ISO 11443 Research, Design and Quality Assurance for Injection Moulding

High quality sports goggles are mandatory wear in a variety of activities. Often visual or mechanical properties are important for safety, but also for proper enjoyment of the sport. In the Paralympic sport of goalball, for example, the goggles must completely block out the user from all visual perception. Additionally, some goggles are designed with thermal properties in mind to help prevent the inside lens from getting too cold and ‘misting over’. The quality of these goggles rests heavily on the ability of the manufacturer to injection mold plastic components without imperfections and the CEAST SmartRHEO series is a vital aid in achieving this goal.

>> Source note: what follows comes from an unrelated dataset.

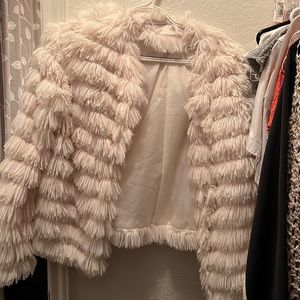 The impeccable pig fluffy white jacket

The imperfections resulting from poorly implemented injection molding compromise the goggles and their effective use. Melt fractures induce stress concentrations which inhibit durability; rapid solidification results in insufficient mold filling which causes discomfort and inhibits insulation. Also thermal degradation can affect the physical properties of the goggles, making them weaker. The CEAST SmartRHEO Capillary Rheometer simulates the injection molding processes by imposing a defined shear rate on the thermoplastic melt. The pressure experienced by the melt is measured, and flow stability or instability can be determined.

The data produced from running tests such as ISO 11443 and ASTM 3835 using the CEAST SmartRHEO is invaluable in mold design and research, as well as the selection of appropriate thermoplastics. Processing parameters can be optimized in this way, and design decisions informed by the simulation of shear rates. For example, it can be determined that the material is stable or unstable under processing conditions or is likely to undergo thermal degradation.

One of the problems experienced when processing non-Newtonian fluids is one of die swell. This is where the fluid exhibits elastic properties – ordinarily impossible in ideal fluids. The fluid is compressed in the chamber and upon release ‘springs back’ to its original proportions. This effect can be measured using an accessory to the capillary Rheometer, which uses lasers to determine the width of the swell.

The versatility of the capillary Rheometer is extensive; PVT tests require only a unique sealed die, and measure the effects of varying temperature pressure and volume on the fluid; while thermal conductivity tests measure the transfer of thermal pulses through the fluid. This data is helpful for preventing design errors which would result in insufficient filling, residual stresses and distortions.